What ‘It’ Gets Right About Being a Kid in 1989

From rock fights to “Bust a Move,” the latest Stephen King adaptation gets childhood in the late ’80s just right

(Spoiler alert: The following contains very mild spoilers about “It,” which you should go see, because it’s great.)

One of my favorite things about “It,” the new Stephen King adaptation that comes out today, is how much it reminds me of being 14 in 1989.

The setting of the story has been shifted from the 1950s to the late 1980s, which might make some people unhappy — if they grew up in the 1950s. But for me, and I’m sure many other people who were kids in the late ’80s, the new “It” beautifully reanimates one of the strangest, scariest times of our lives.

I could relate to the fat kid beaten up by a bully with a mullet, because in 1989, I was a fat kid beaten up by a bully with a mullet. I rode bikes with girls I had crushes on, and wrote them poems nowhere near as good as the one in “It.” I got in rock fights, mostly with my own brother. And I snuck into a house that, now that I think about it,  probably was haunted. Here are all the things about being a kid in 1989 that “It” gets exactly right.

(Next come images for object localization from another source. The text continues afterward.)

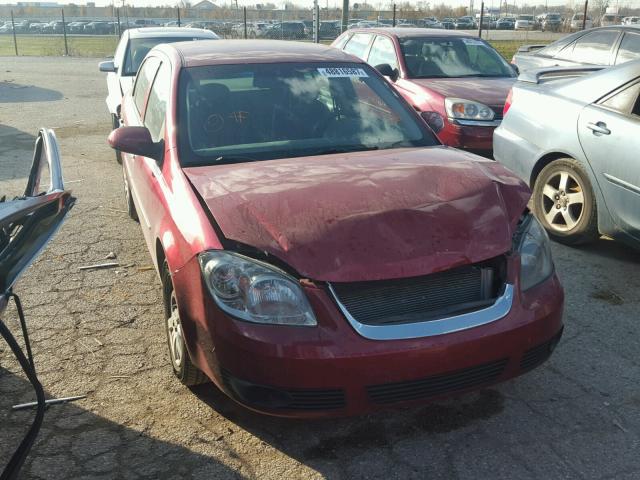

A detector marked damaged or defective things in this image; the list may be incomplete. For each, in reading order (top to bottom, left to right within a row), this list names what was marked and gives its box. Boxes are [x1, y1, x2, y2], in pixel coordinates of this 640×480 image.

crumpled hood [412, 77, 516, 108]
cracked headlight [444, 97, 496, 121]
detached car door panel [576, 81, 640, 240]
cracked headlight [195, 251, 316, 326]
damaged maroon car [110, 40, 564, 416]
crumpled hood [184, 146, 528, 282]
cracked headlight [516, 215, 556, 290]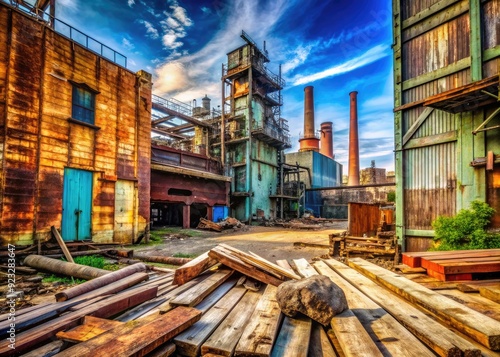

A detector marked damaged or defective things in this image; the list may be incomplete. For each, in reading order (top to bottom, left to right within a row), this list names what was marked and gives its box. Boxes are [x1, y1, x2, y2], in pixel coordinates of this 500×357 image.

rusty industrial building [0, 0, 152, 245]
peeling paint wall [0, 4, 152, 245]
rusted metal panel [0, 4, 152, 245]
rusty industrial building [394, 0, 500, 250]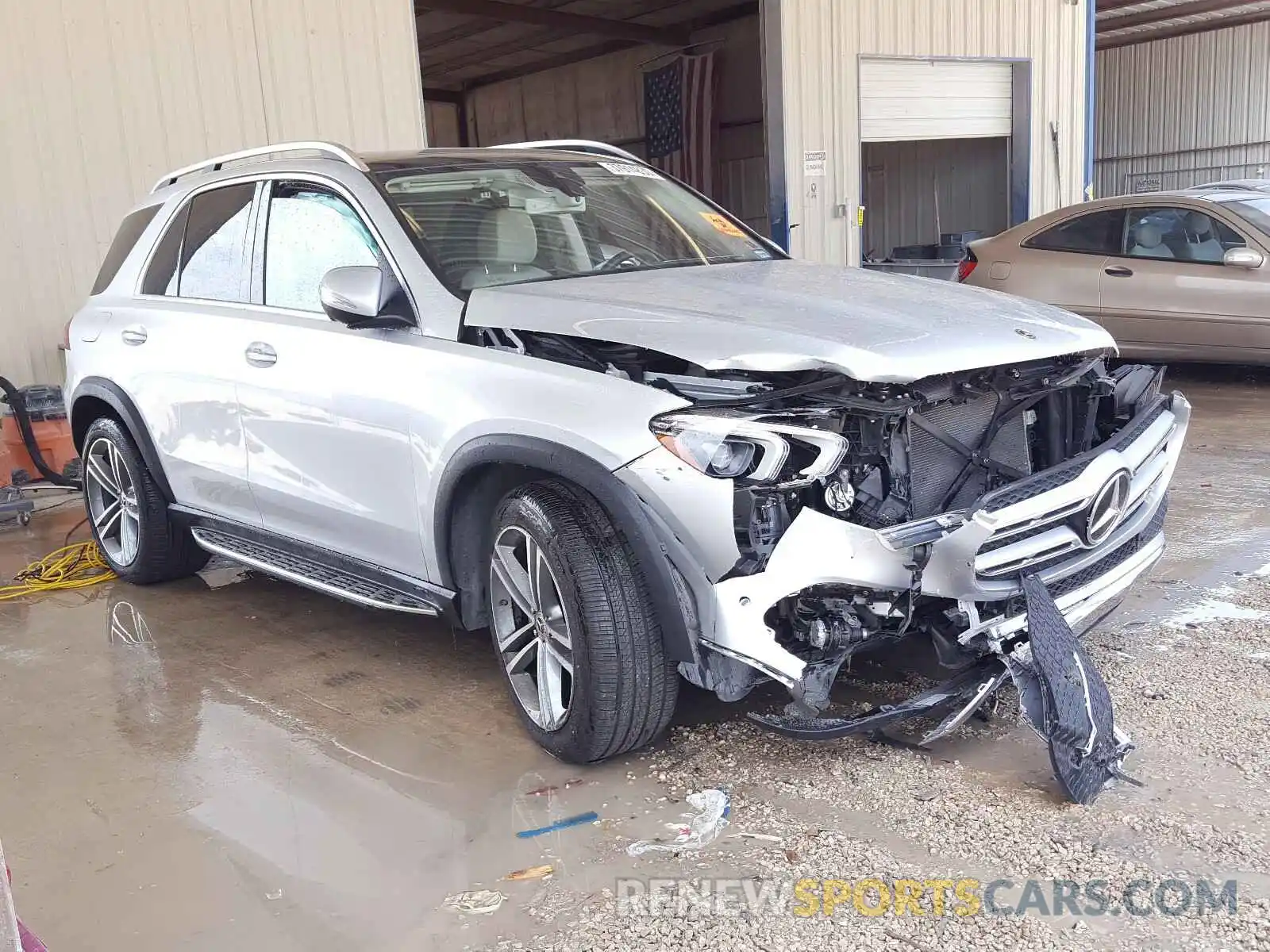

1. Batman. Nothing in “It” made me feel more situated me in the summer of 1989 than the fact that the movie house in downtown Derry, the film’s setting, has “Batman” on the marquee. When I was a nerdy kid, that movie was my world. When I graduated from junior high, my mom rewarded us by driving me and my best friend (what’s up, Juan?) to the Old Town Mall to see “Batman.” (Twenty-eight years later, I know the release date was June 23, without having to Google it, because I spent so many months staring at the Bat-logo and the release date on the poster. Waiting.)

My mom and I got in a fight about something during the drive — I think involving my report card? — and I choked back tears to scream at her, “You’ve done it — ruined ‘Batman’!”

But she hadn’t, because nothing could.

2. The music. Everyone who didn’t live in the ’80s thinks they were all about synth pop. No. That was elementary school. By junior high, we listened to hip-hop (we called it rap) and metal, mostly hair bands. The kid in the Anthrax shirt? “It” nailed it. The Losers listening to Young MC’s “Bust a Move” on a boombox? Nailed it perfectly. We loved Young MC and Slick Rick and Tone Loc and Ice-T. All my friends had boomboxes then, and the most state-of-the-line junior high technology was a boombox with a dual tape deck.

Here is one of the more embarrassing sentences I can write: In 1990, I rode bikes with two girls I had crushes on to the tide pools near where we lived in San Pedro, Calif., and danced very briefly with one of them to a boombox playing Extreme’s “More Than Words,” before we got embarrassed and stopped.

That’s the vibe “It” goes for in the love triangle between Bill and Ben and Bev — and the film captures the mix of excitement and awkwardness in all its fluttering glory. 

3. Abandoned houses. I guess real estate wasn’t as valuable in 1989 as it is now? For some reason, there was a huge decaying house a few blocks away from where my family lived, and Juan and I used to sneak in and pick through the cobwebs, dust and old magazines. I wonder if it’s still there.

4. The insults. There was no more vicious insult for boys in the late ’80s — when televangelists poisoned our minds, the AIDS crisis was at its height and almost no one was out — than the F-word that rhymes with bag.

Our parents did the best they could to make us stop saying it, but we were scared and immature and uncertain of our own masculinity — because we weren’t men. Homophobia is so central to the novel “It,” which I’ve recently started reading, that it’s hard for me to remember how much homophobia is overt in the movie and how much is implied. But the book and the movie make a point every child infected by ’80s hate had to learn, or suffer from not learning: Don’t let some clown divide you. As long as anyone is a victim, no one is free.

5. The rampant violence. From what I gather, kids today don’t spend that much time outside, much less going all “Hunger Games.” Here are a few things I remember from being a kid in the late ’80s and early ’90s:

  • A classmate on the bus who showed us his gun;
  • A kid jumping out of a car to randomly chase other kids with a baseball bat, while my best friend and I (what’s up, Juan?) hid in some bushes, heard them scream and did nothing to help;
  • Rocks, so many rocks

One day at the bus stop, I asked a fellow fat kid how many sit-ups he could do. It turned out we could both do more than 60 in a minute. “Fat people are good at sit-ups,” I said. He nodded. “That’s why you’re good at them. I don’t know why I’m good at them.”

He didn’t like that. His blond mullet shimmering, he reared back for a swing at me, which I avoided by flinching backward so that, rather than connecting with my face, his fist grazed the edge of my braces — which slashed open the meat of his palm. Does it get any more Stephen King than that? Actually, yes: The next day, he smacked the hell out of me in front of a girl I liked. (What’s up, Tiffany?)

I don’t know what Taylor Swift was thinking when she named a breezy pop album “1989.” It was a pretty tough year, and “It” gets that.